As soon as possible, Coroner GIBBS, of Elizabeth, impaneled a jury and commenced an investigation into the circumstances of the accident. The Court-house in which the inquest was held was crowded, and much excitement prevailed.
Sheriff OSBORN, of Union County, being sworn, deposed that he resided at Scotch Plains, and was a passenger on the train that caused the accident; before the collilsion he heard the engineer whistle "down brakes" several times; the bell was rung and the steam blown off; while these efforts to stop the locomotive were in full force, witness said he felt a jar, and the train stopped after moving four hundred yards further, to which distance the locomotive carried the two dead mules.
MR. ALEXANDER RAEBE stated that while standing in front of the house of N. G. FOSTER he saw two circus-wagons going along the track, and witness knowing the passenger train was due just then, shouted to the driver to be watchful of its approach. The driver, on hearing witness' admonition, looked along the track, but a house intercepted his view. Almost immediately the train rushed into view at a rapid speed, and neither rang the bell nor blew the whistle, nor gave any alarm of its approach until after the disaster.
GEORGE P. DOUGHTY, the conductor of the train, testified that when the train reached the crossing he heard the whistle blow and soon afterward felt the schock[sic] of the collilsion; the engineer whistled down brakes and the train was stopped as soon as possible; the witness related the circumstances connected with the backing up of the locomotive, the discovery of the bodies, &c., and said he ordered three men to go with a hand-car to Westfield for a doctor; four men appeared to him to be dead; they were removed to the nearest house; the track was then cleared.

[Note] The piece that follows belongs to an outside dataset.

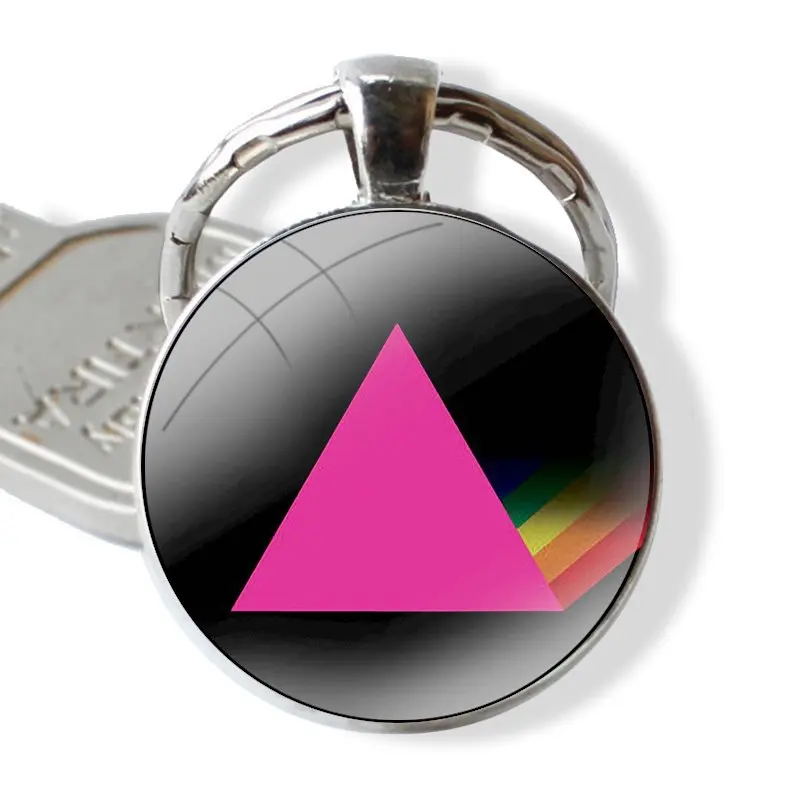 Pink Triangle Keychain Handmade Glass Cabochon Key Ring Holder Pendant Key Chains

HANNAH SHEA deposed that she lived at Cranford; saw the wagons crossing the track and saw the driver of one wagon motion the other to stop; supposed the train was then coming, but the second wagon did not stop; witness next saw it struck by the locomotive; witness lifted one of the boys out of the wreck and had two of them taken home to her house.
JAMES COLTHAR, a brakeman, testified that he was sitting in a passenger car when he heard the whistle blow; was then about half a mile from the crossing; the whistle is always blown when about that distance from the cross-road; witness came out of the car and was standing on the platform when he heard the whistle sound the second time; he put on brakes immediately; the train stopped about half way between the crossing and Cranford Station; got down and went as far as the locomotive to see what was the matter; the water was then running from the tank; stayed at the locomotive till it was fixed; then went back and loosened the brake; the train then went back.

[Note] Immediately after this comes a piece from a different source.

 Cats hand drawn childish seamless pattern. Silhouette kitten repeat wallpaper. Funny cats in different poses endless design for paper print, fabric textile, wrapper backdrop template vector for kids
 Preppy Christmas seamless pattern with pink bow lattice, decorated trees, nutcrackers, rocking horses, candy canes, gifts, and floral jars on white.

JAMES MILLER, night watchman of the Central Road at Somerville, was on the train, heard the bell rung and the whistle blown; before the train could be stopped they struck one of the wagons that was crossing; witness first saw the wagon and rang the bell; continued to ring it until the wagon was struck, although he knew there was not time to stop so as to avoid a collision.
EDWARD CLARK, the driver of the wagon that crossed first, testified that he and his companion, when they crossed the tracks and saw the train approaching, shouted to the driver of the other wagon to stop; the wagon following was about twenty-five yards behind; did not hear the whistle before he crossed; did not think he ran any risk in attempting to cross; the driver of the other wagon was not asleep.

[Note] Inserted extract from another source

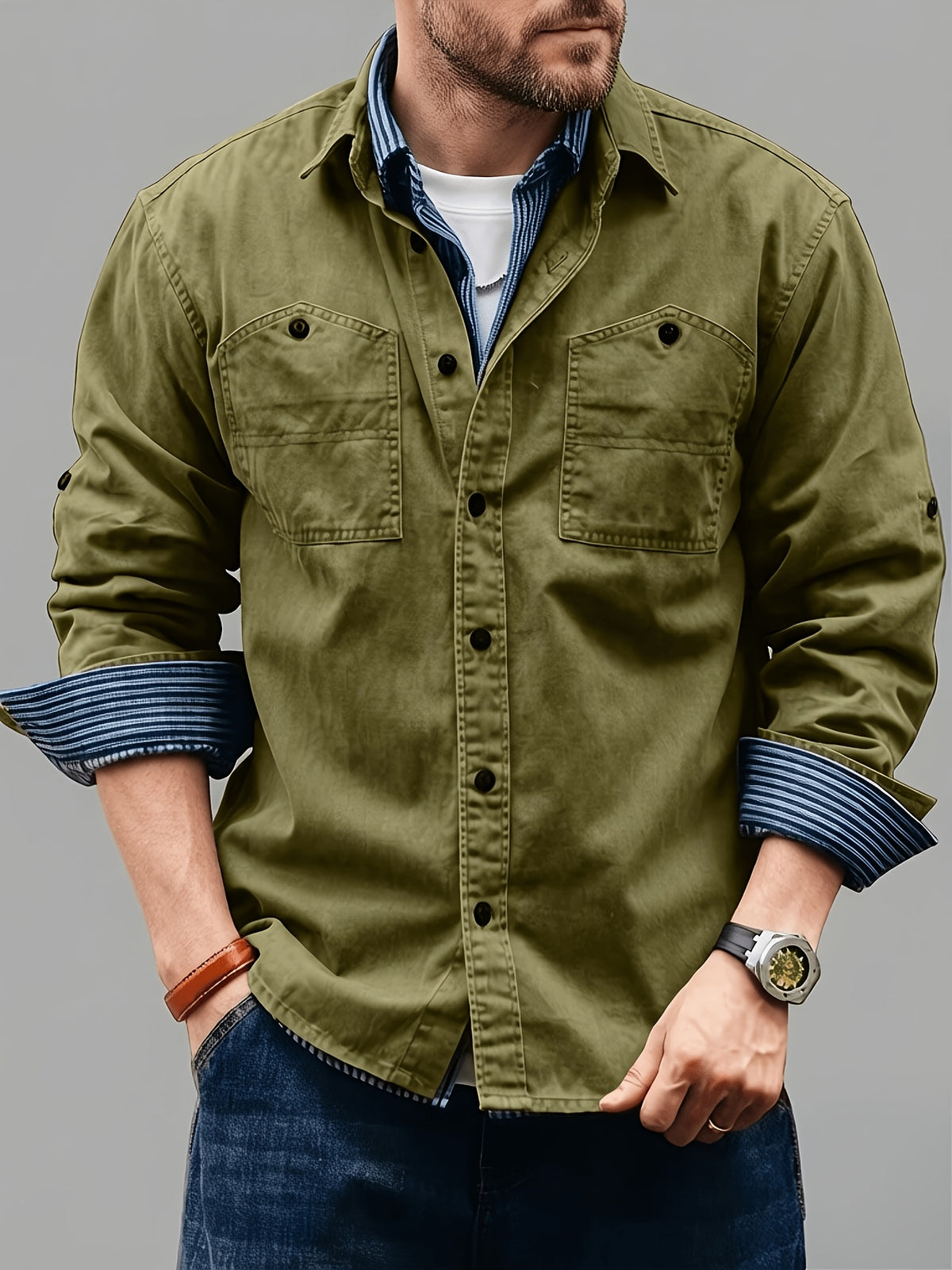 Early Autumn OOTD Retro Workwear Style | Men'S Long Sleeve Lapel Shirt for Spring Autumn, Trendy Layering Casual Shirt Jacket Top - fern green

ROMAINE RANDOLPH was walking on the track near the scene of the accident, and heard the whistle; also saw the driver of the advance wagon signal the other to stop; the latter did not seem to notice the signal. Several other witnesses gave testimony corroborating that of these witnesses, and the case was then given to the jury. After an absence of nearly two hours the jury returned the following verdict:
"We find that the deceased, accidentally and by misfortune, were run over and killed on the New Jersey Central Railroad; and we further find that no blame is attached to the employes of the New Jersey Central Railroad Company."